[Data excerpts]
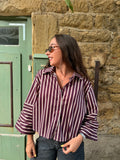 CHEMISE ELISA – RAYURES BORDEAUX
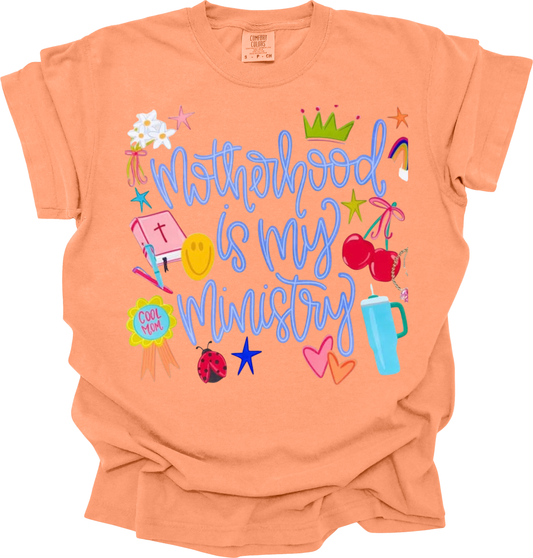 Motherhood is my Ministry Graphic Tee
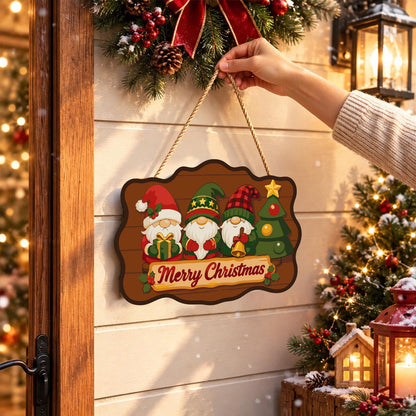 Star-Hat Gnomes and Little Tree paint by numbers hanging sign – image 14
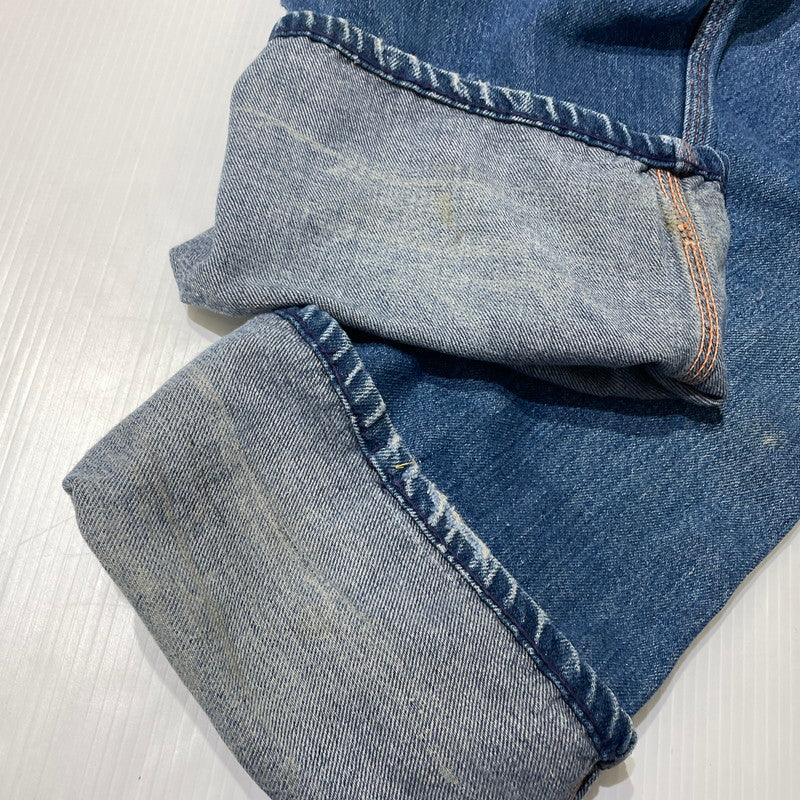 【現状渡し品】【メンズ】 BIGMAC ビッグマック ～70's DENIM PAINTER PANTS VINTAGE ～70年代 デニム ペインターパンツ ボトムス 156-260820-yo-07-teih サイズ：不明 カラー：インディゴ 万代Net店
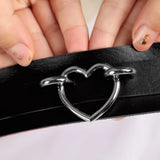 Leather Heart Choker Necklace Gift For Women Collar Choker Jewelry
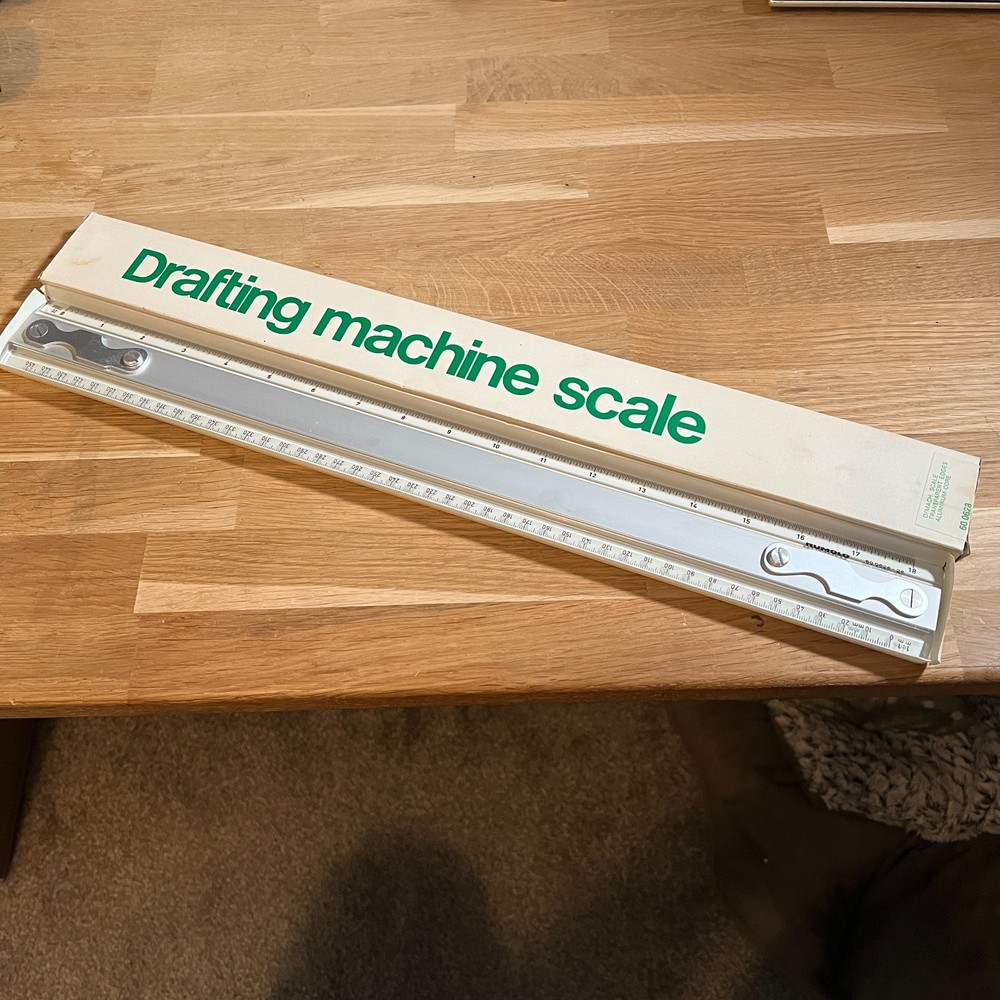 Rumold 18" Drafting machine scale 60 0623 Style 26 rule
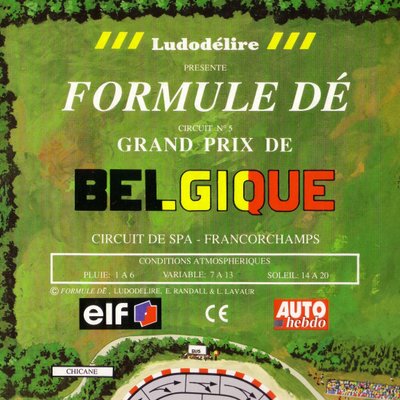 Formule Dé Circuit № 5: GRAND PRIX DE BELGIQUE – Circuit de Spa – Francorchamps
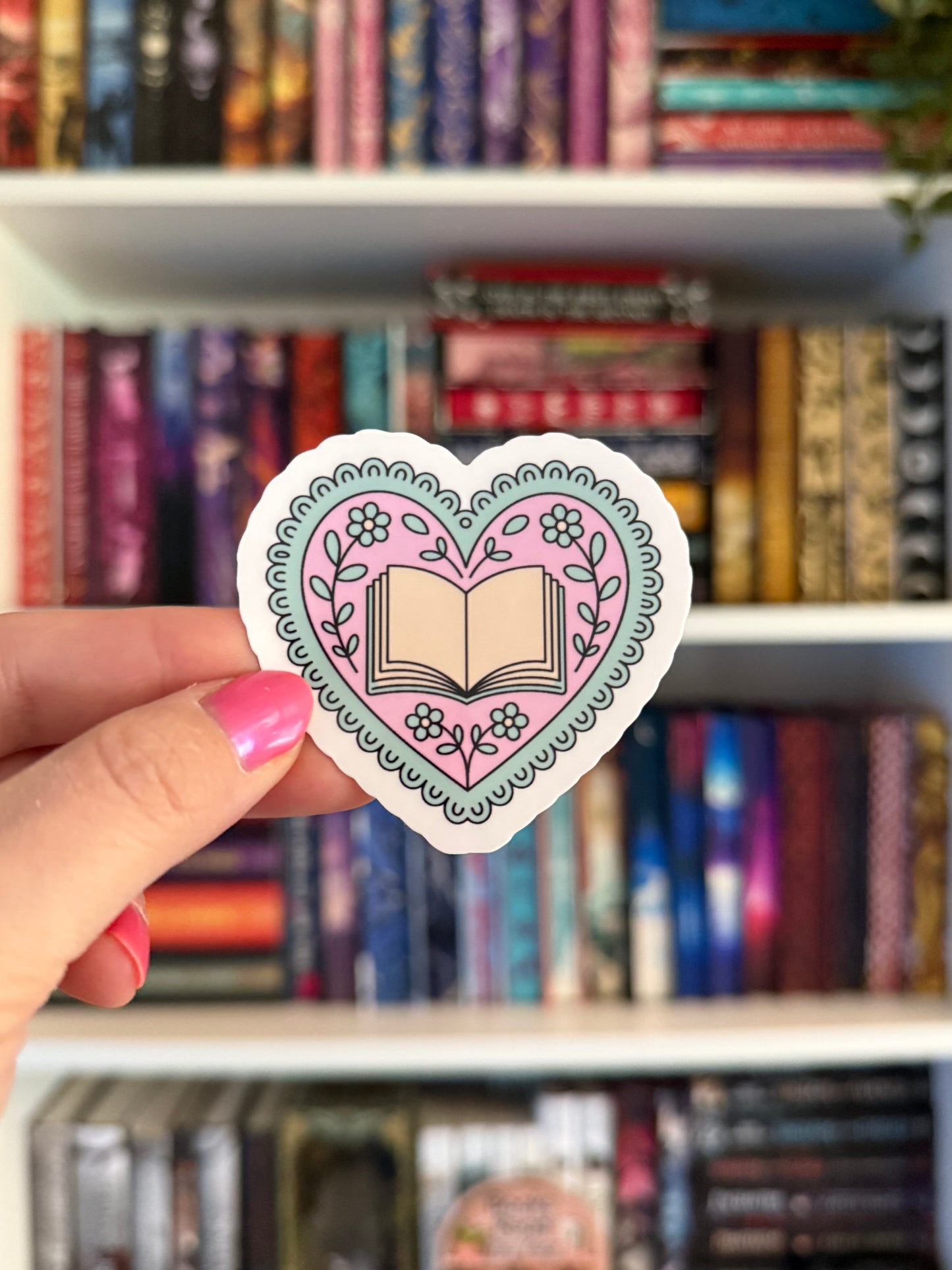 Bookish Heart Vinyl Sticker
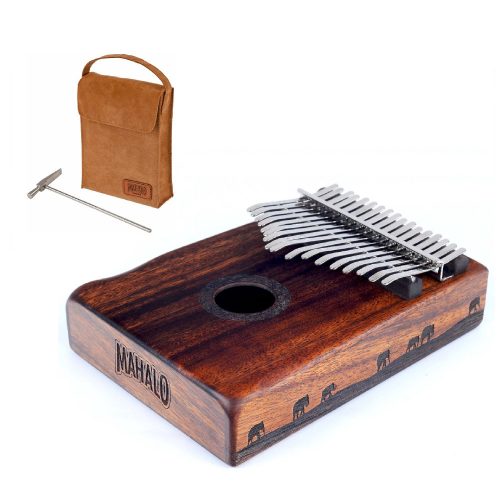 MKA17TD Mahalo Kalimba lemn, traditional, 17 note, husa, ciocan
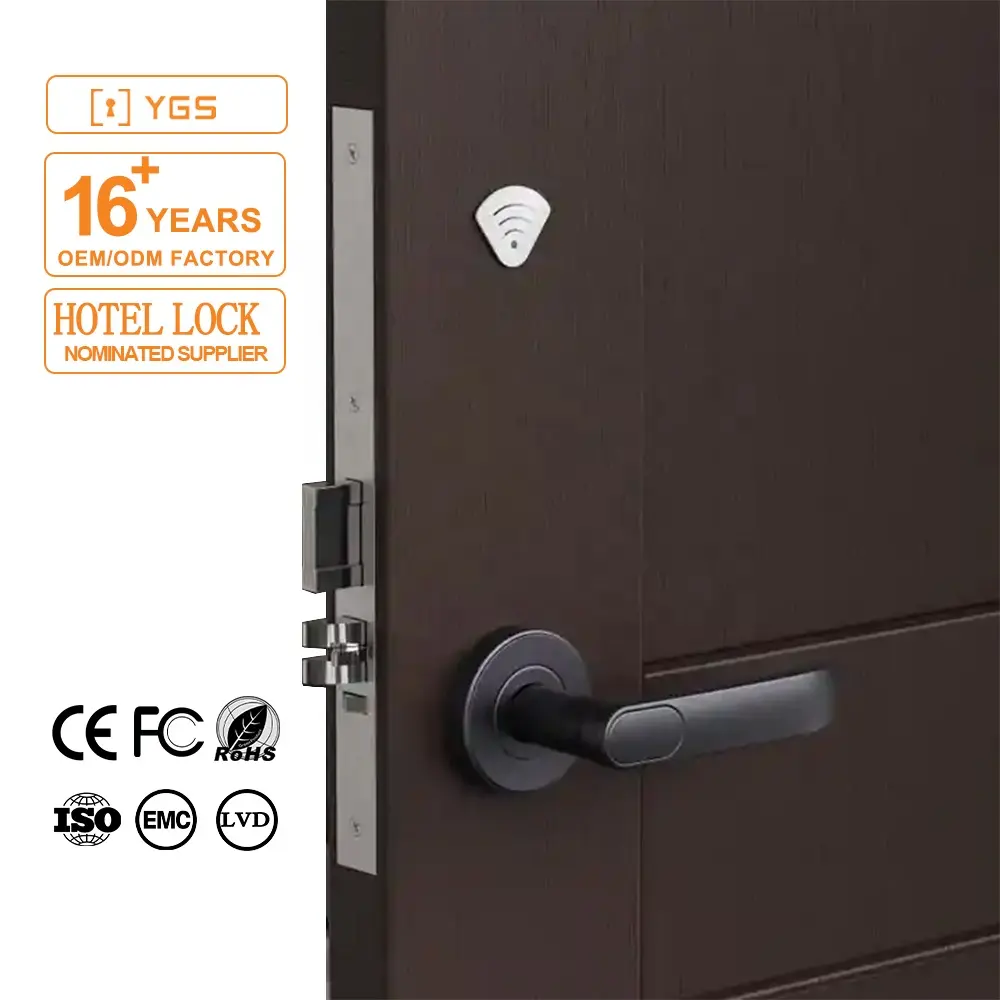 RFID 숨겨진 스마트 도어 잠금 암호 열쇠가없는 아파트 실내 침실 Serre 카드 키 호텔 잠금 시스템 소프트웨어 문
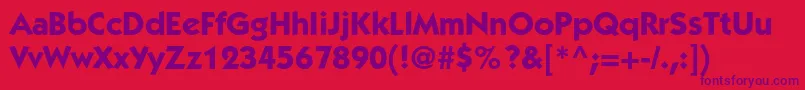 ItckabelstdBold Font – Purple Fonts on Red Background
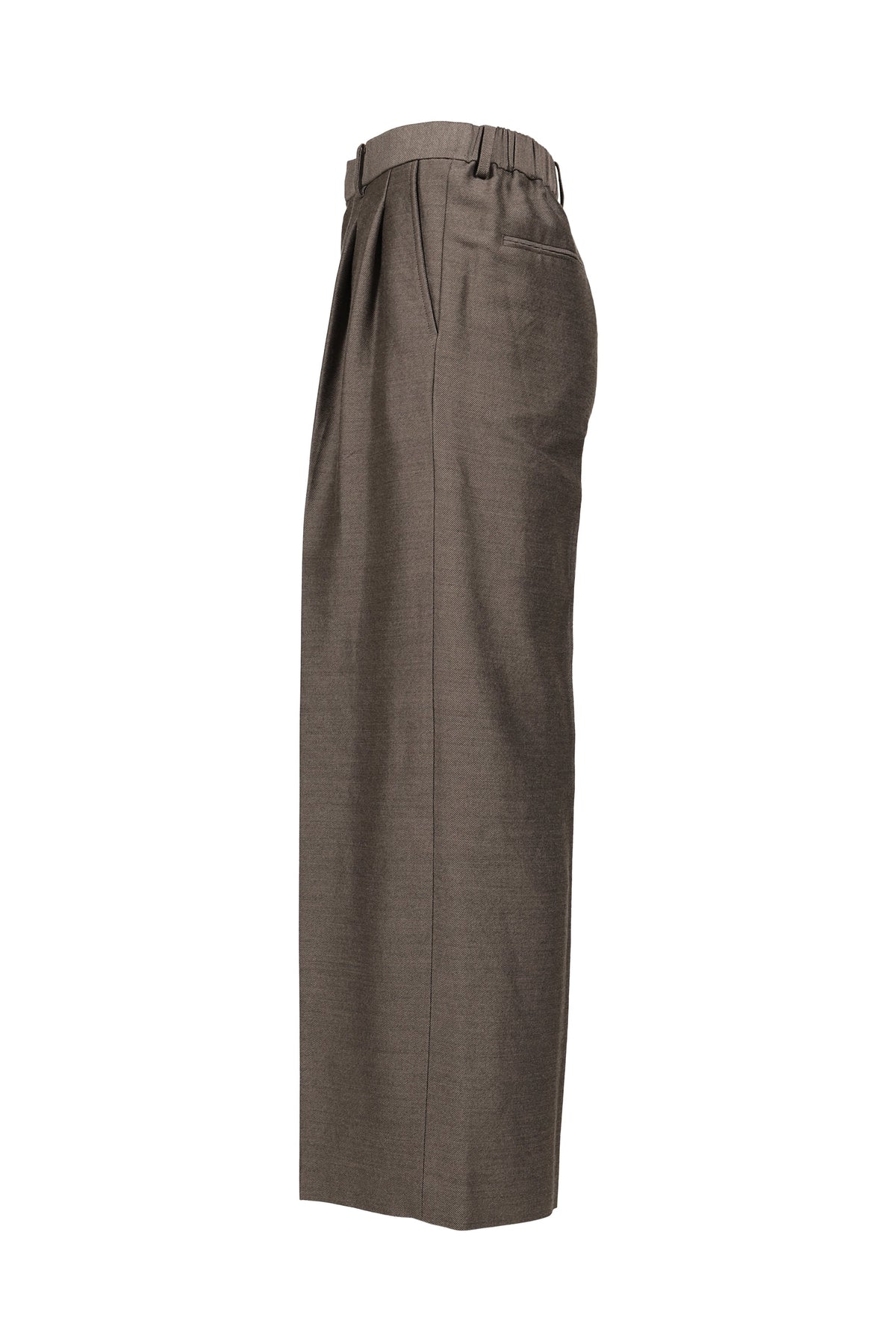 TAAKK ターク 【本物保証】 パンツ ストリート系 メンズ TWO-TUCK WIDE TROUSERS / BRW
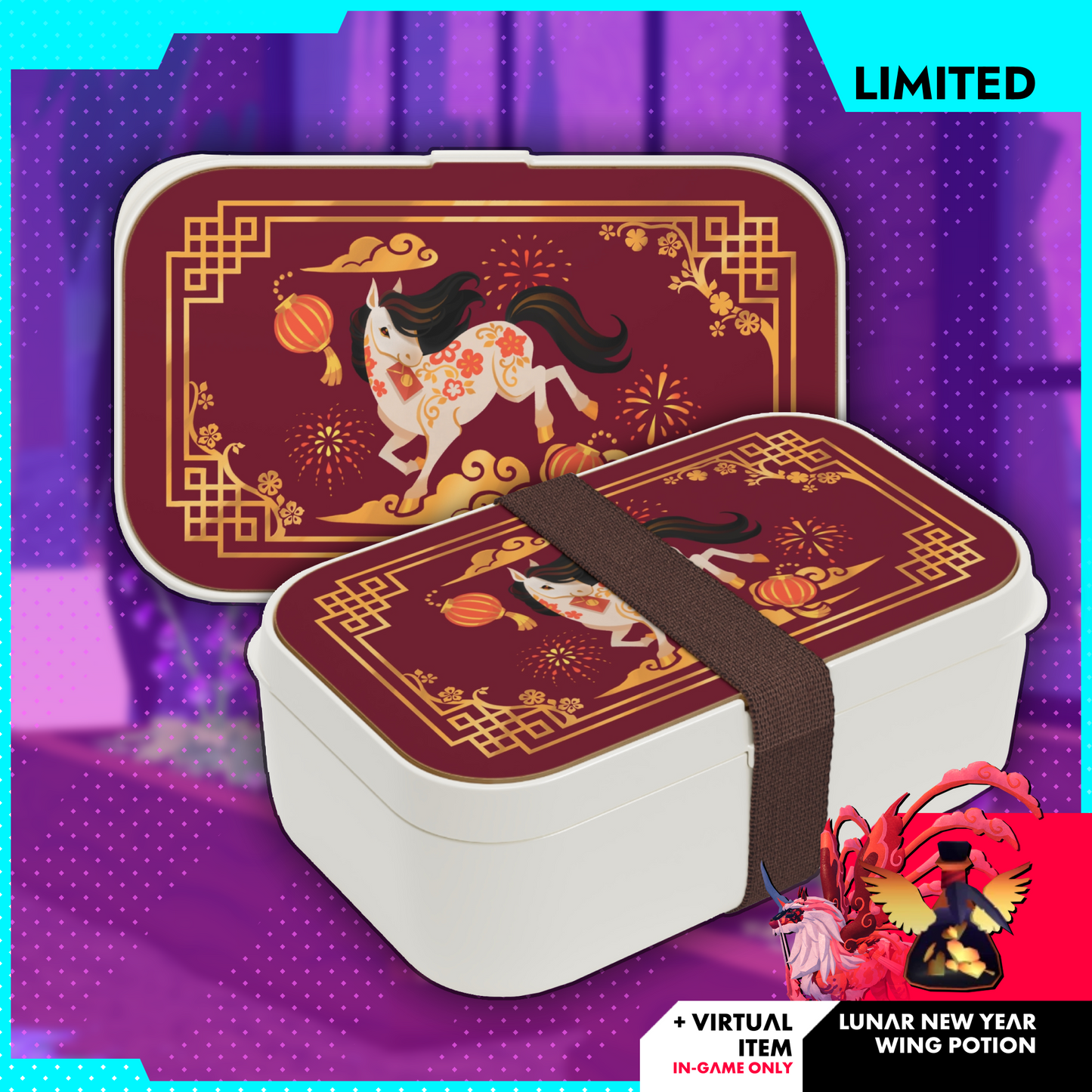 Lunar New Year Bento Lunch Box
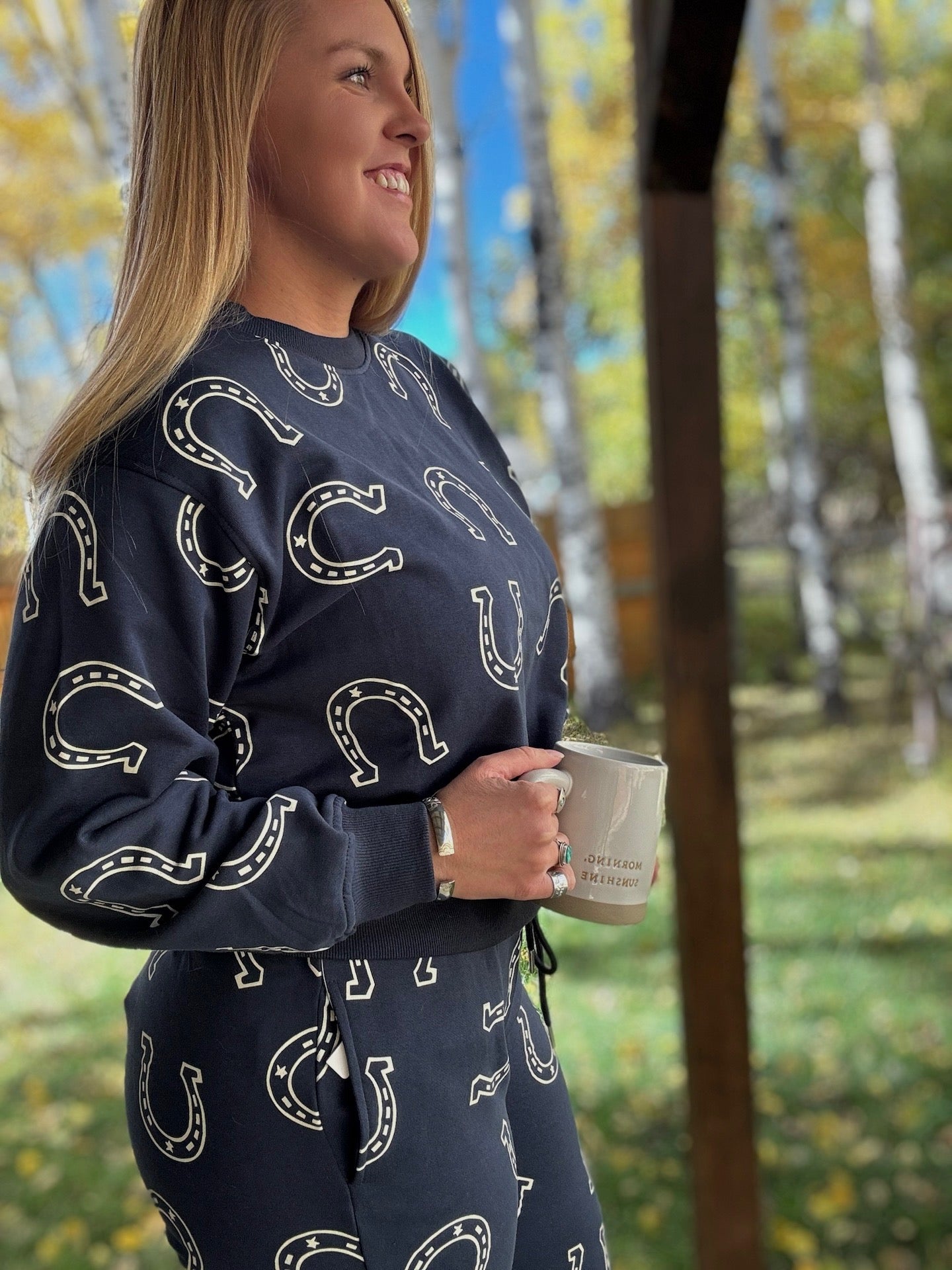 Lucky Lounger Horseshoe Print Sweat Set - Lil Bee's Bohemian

• _ACTION ITEM_
In the copy, each entry above must match exactly, and no picture may be carried over.

• _SOLUTION TO THIS TASK_
 CHEMISE ELISA – RAYURES BORDEAUX
 Motherhood is my Ministry Graphic Tee
 Star-Hat Gnomes and Little Tree paint by numbers hanging sign – image 14
 【現状渡し品】【メンズ】 BIGMAC ビッグマック ～70's DENIM PAINTER PANTS VINTAGE ～70年代 デニム ペインターパンツ ボトムス 156-260820-yo-07-teih サイズ：不明 カラー：インディゴ 万代Net店
 Leather Heart Choker Necklace Gift For Women Collar Choker Jewelry
 Rumold 18" Drafting machine scale 60 0623 Style 26 rule
 Formule Dé Circuit № 5: GRAND PRIX DE BELGIQUE – Circuit de Spa – Francorchamps
 Bookish Heart Vinyl Sticker
 MKA17TD Mahalo Kalimba lemn, traditional, 17 note, husa, ciocan
 RFID 숨겨진 스마트 도어 잠금 암호 열쇠가없는 아파트 실내 침실 Serre 카드 키 호텔 잠금 시스템 소프트웨어 문
 ItckabelstdBold Font – Purple Fonts on Red Background
 TAAKK ターク 【本物保証】 パンツ ストリート系 メンズ TWO-TUCK WIDE TROUSERS / BRW
 Lunar New Year Bento Lunch Box
 Lucky Lounger Horseshoe Print Sweat Set - Lil Bee's Bohemian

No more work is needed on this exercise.